→ **Dataset content**:
- - -

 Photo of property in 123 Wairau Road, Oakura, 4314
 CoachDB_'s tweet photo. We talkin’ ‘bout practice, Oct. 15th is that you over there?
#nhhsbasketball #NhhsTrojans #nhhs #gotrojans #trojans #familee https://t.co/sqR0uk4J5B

- - -

→ **Goal of the exercise**: Repeat exactly, and only, the lines from the one containing "CoachDB_'s tweet photo." through the end of the material.

→ **Response to this exercise**:
 CoachDB_'s tweet photo. We talkin’ ‘bout practice, Oct. 15th is that you over there?
#nhhsbasketball #NhhsTrojans #nhhs #gotrojans #trojans #familee https://t.co/sqR0uk4J5B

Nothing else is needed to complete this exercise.